Despite very similar behaviour, the lively girls managed to dodge the class clown tag, with their conduct being overlooked when it came to teacher ratings. Extrovert boys were seen as a nuisance, extrovert girls as confident and mischievous.
Unsurprisingly, over time, the boys identified as class clowns suffered reduced levels of self-esteem and self-efficacy.
The role model myth
One frequently stated explanation for the poor performance and apparent poor behaviour of younger boys is the “feminisation” of primary schools where, according to the 2017 school workforce census, 87 per cent of primary school teachers are women. According to this theory, boys need more male role models to inspire them on to academic excellence.
Yet, longitudinal research from America and British research by Becky Francis et al has shown that the gender of the teacher makes no difference to academic attainment for boys or girls, and that pupils feel that the gender of the teacher is insignificant.

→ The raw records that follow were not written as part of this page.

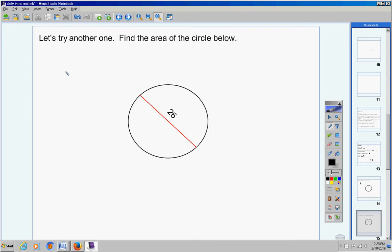Number 10. I gave you a problem like this in the area part of your notes. Area of circles. And I gave you a problem that had a diameter of 26. You should have it all worked out. You should have the answer. Give me the answer to this problem, please.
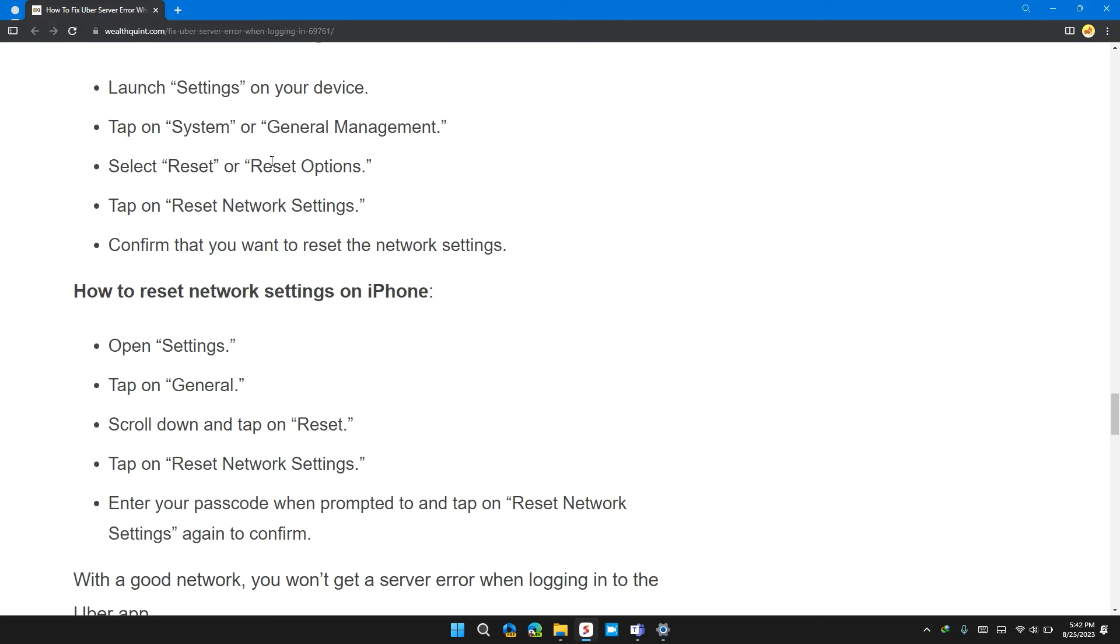How to reset network settings on iPhone: Open Settings. Then tap on General. Scroll down and tap on Reset. Tap on Reset Network Settings. Enter your password when prompted and tap on Reset Network Settings again to confirm.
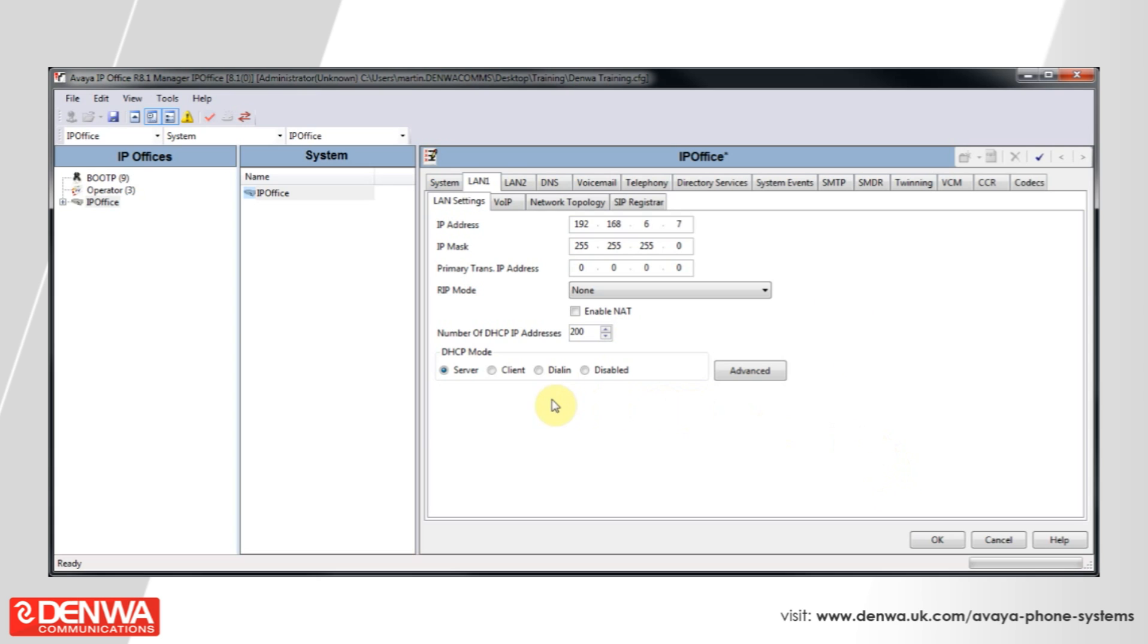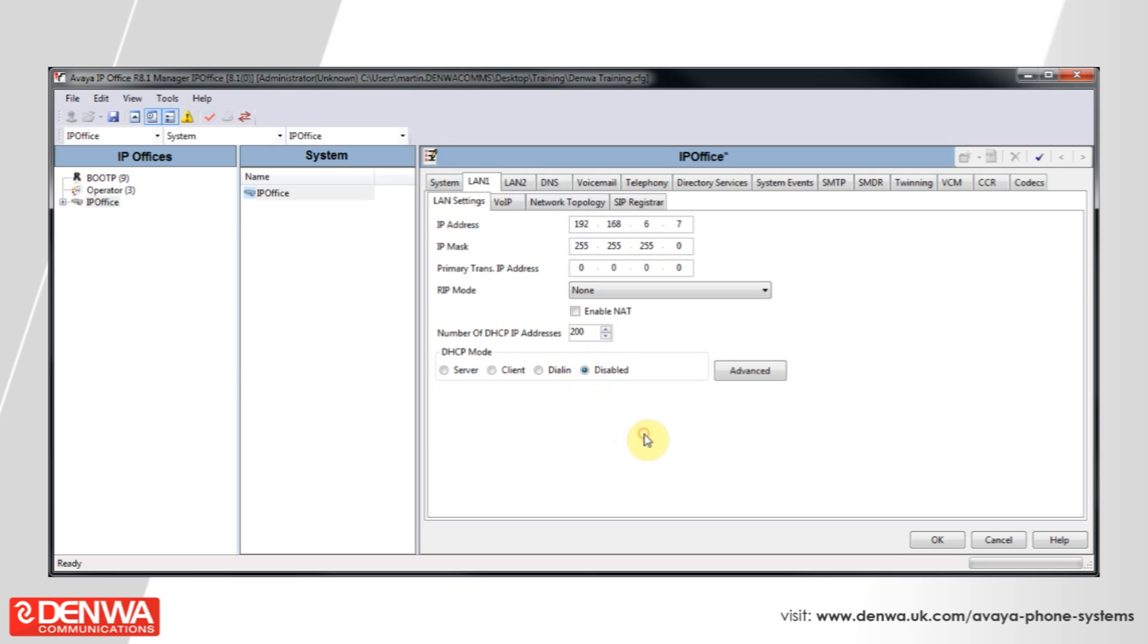Now, the IP Office does have a built-in DHCP server, which will give out the options from AVEA IP phones. However, if you're already running a DHCP server, then it will conflict. So you'll probably want to turn it off. Just hit the disabled tab and then hit OK.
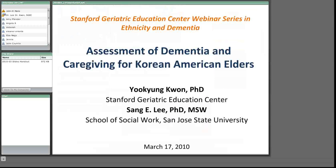Hello everyone, I'm one of the presenters, Yoo Kyung Kwon. Dr. Lee and I are going to present findings and issues on assessment, dementia, and caregiving for Korean American elders.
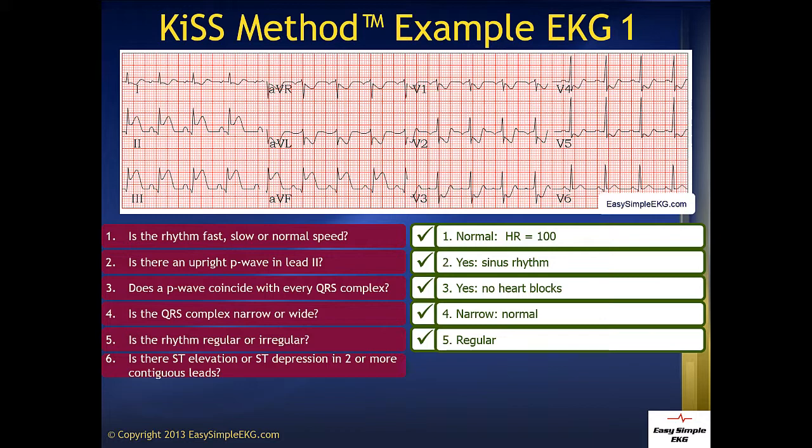We then go to leads V1, V2, V3, V4 — our anterior septal leads — and we see significant ST depression here. Of note, in lead V2 there is deep ST depression, which means an acute posterior wall infarct.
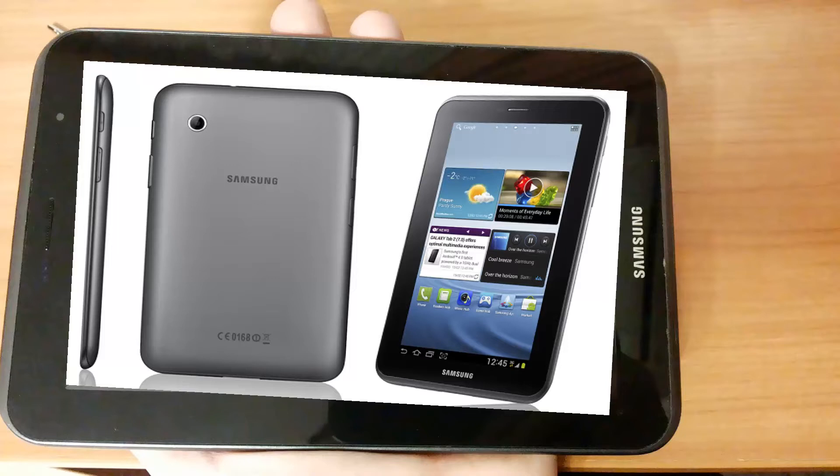If you want to sell or give away your tablet, you need to return the tablet to default factory settings and erase all personal information.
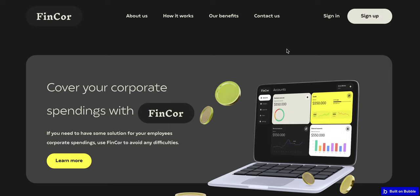Hi there, this is Sofia from SOMO and our team is happy to share with you our new contact template, which is called FinCore. We have created it for companies to cover their corporate spendings and it contains a landing page and an application itself. Let's take a look at the landing page first.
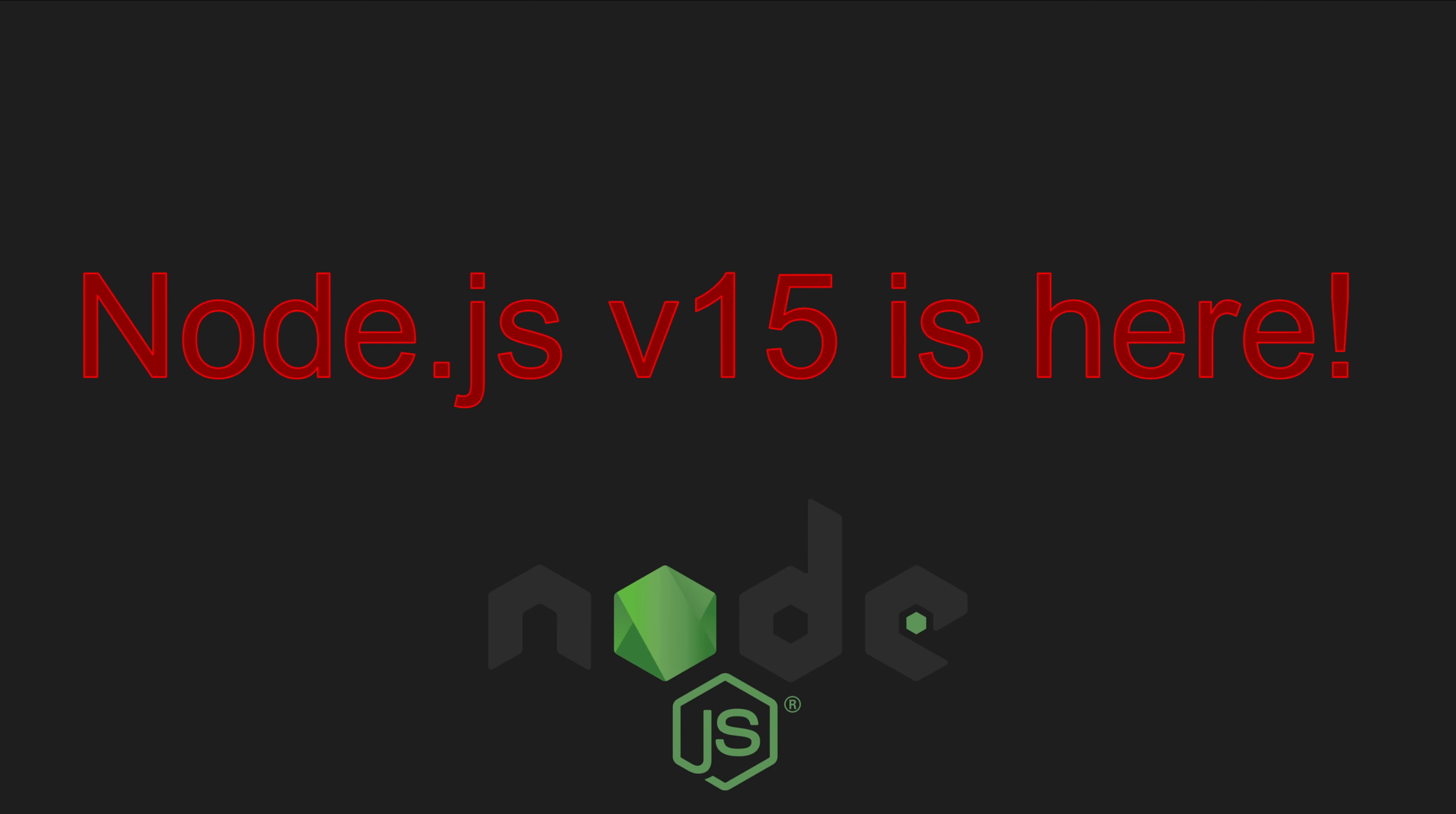Node.js v15 is here, but wait, I just upgraded my project to Node 12 and you're saying a new version is released? I haven't even upgraded my project to Node 14. Should I directly go to Node 15 now? But wait, what are the breaking changes? Also, what are the new features? Is there any benefit of even upgrading?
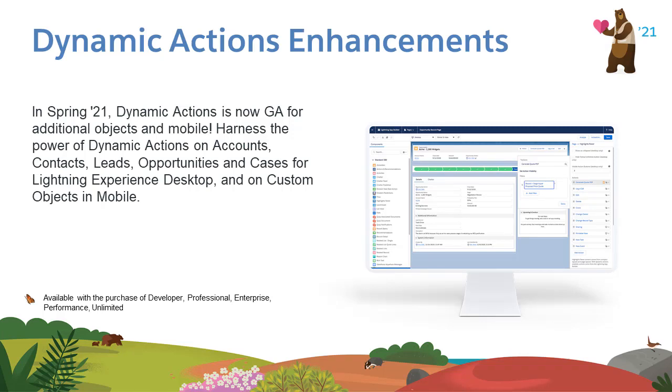In this video, we're going to be taking a look at dynamic actions. In Spring 21, dynamic actions are now GA for opportunities, leads, accounts, contacts, and cases in Lightning Experience, and GA for mobile for custom objects. Let's take a look at these enhancements.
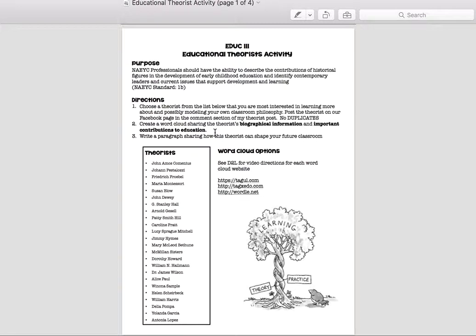Then to share what you've learned, you're going to do two things. The first thing you're going to do is make a word cloud. A word cloud is something that students are doing in classrooms as early as first grade. There are three great online programs: one is called Taggle, one is called Tagzito, and one is called Wordle. In D2L, both in the project section and under the project in week two, I have a video for each one of these websites, so you can go there and watch a quick two-to-three-minute video on how to make one.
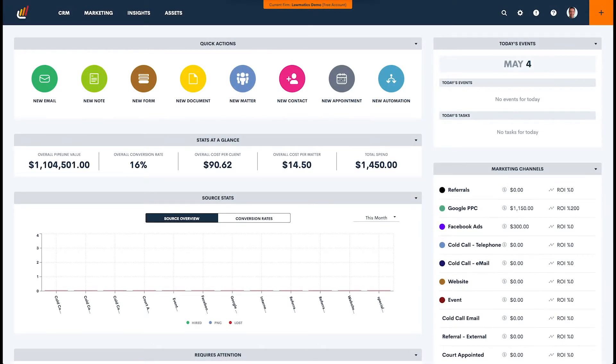Hello. Today we are going to talk about drip campaigns. What is a drip campaign and how to build one in Lawmatics?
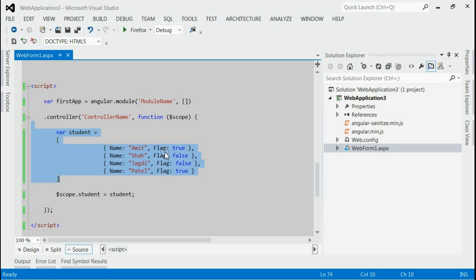With respect to this flag property, we will select the EvenClass or OldClass. That means, if the flag is true, we will select the EvenClass and if the flag is false, we will select the OldClass.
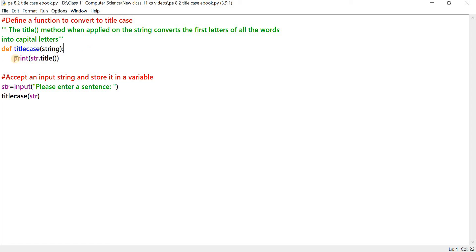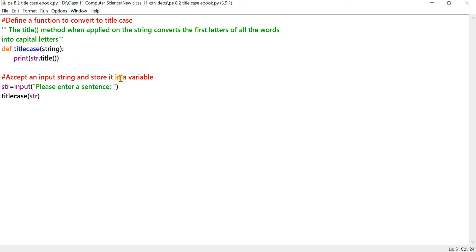What does the function do? It prints the title case of the string. The dot title method converts the words in the string to title case. So this is a simple program.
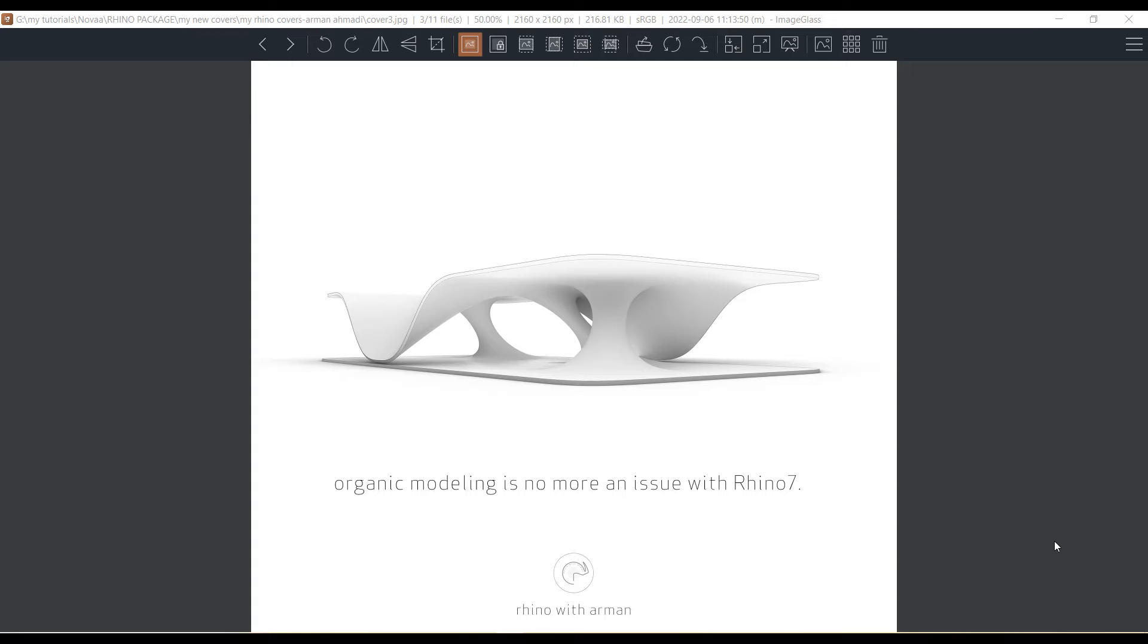Hello guys, welcome to this new tutorial about creating these kinds of organic models in Rhino 7 using SubD tools, which is the newest feature in Rhino 7. As you can see, these kinds of concepts are based on some conceptual curves, sketches, or geometries.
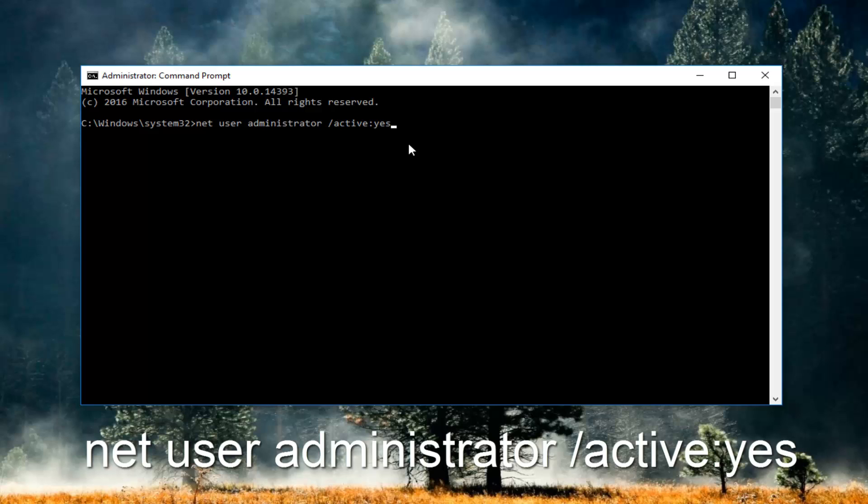And now please take note of exactly how I spelled it here. You guys can also refer to the description of this video. I'm pretty sure I'm going to be pasting it down there as well. You have to type it in exactly how it appears here or it will not work.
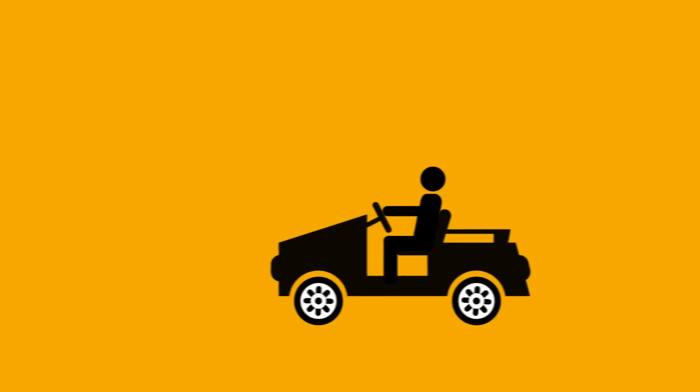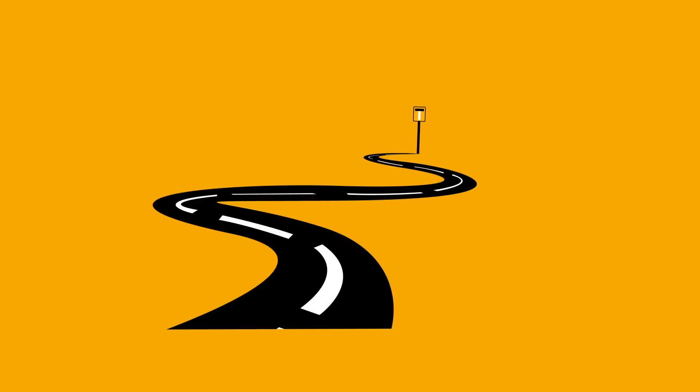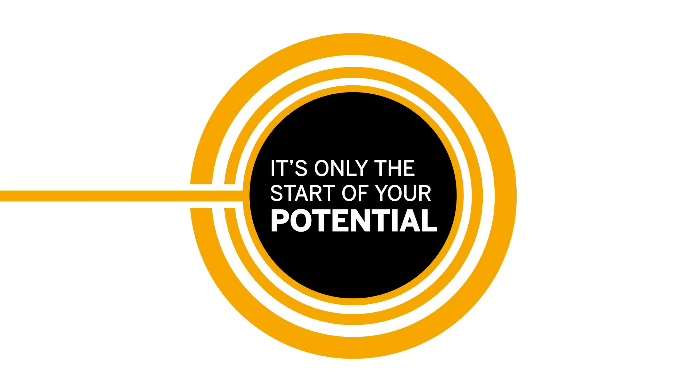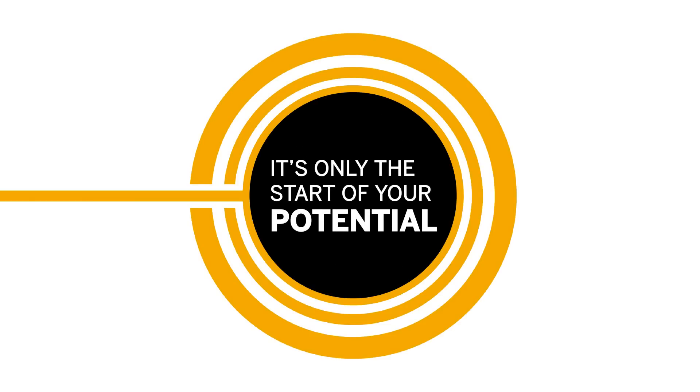So, mobilising your enterprise isn't the end of the road. It's only the start of your potential.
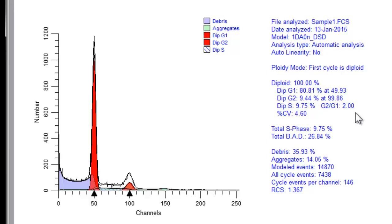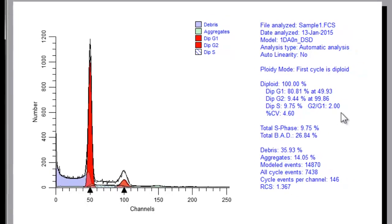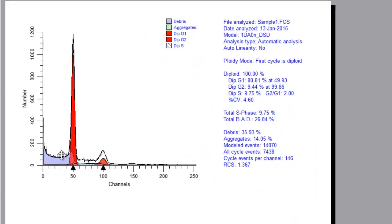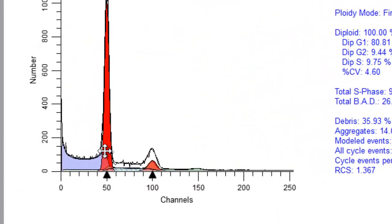Linearity affects cell cycle analysis in several ways. By default, ModFIDLT 4.1 uses the internally stored linearity setting to position the G2M in the fitting process. For example, if a G1 peak is found close to channel 50, the G2M position would be expected to be found close to channel 100 with a linearity setting of 2. If the linearity setting were 1.9, the G2M expected position would be close to channel 95.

Furthermore, Christine Skelton has argued convincingly that efforts to position male teachers as role models may make things worse by promoting a stereotypical masculinity that, paradoxically, encourages anti-school work attitudes.
So, the issue is not the gender of the teachers - it’s their gender perceptions.
Beliefs about boys as “class clowns” persist in secondary school. Carolyn Jackson’s 2010 study into teachers’ perceptions of adolescent boys revealed a plethora of complaints about boys’ apparently frustrating natures. According to their teachers, boys are drawn to a “laddishness” that involves:
- Following a “pack mentality” driven by a desire to fit in with the group.
- Being loud in an effort to gain attention.
- Rejecting academic work and lionising those who are good at sport.
- Lacking respect for authority and wanting to have the last word.
- Disrupting lessons as a matter of course.
Now, many secondary teachers reading this may well be thinking, “What’s the problem? I also recognise those behaviours in the boys I teach”. And, in certain cases, they’d be right. We could quite easily reel off a list of boys we’ve taught over the years who would fit into this category.
But, funnily enough, we could also reel off a list of girls who exemplify the dubious traits that apparently embody “laddishness”.
And this is precisely where the problem lies: it’s very unhelpful to smear all boys, or even most boys, with this sticky brush while overlooking the poor behaviour of some girls and sparing them the metaphorical tarring we so freely give to boys.
How far does this “tarring” determine how teachers interact with male pupils?
A couple of years after their initial study, Myhill and Jones researched pupils’ perceptions of whether teachers’ behaviour management was different for boys and girls. A sizeable majority of pupils of both sexes felt that teachers treat boys more negatively than girls.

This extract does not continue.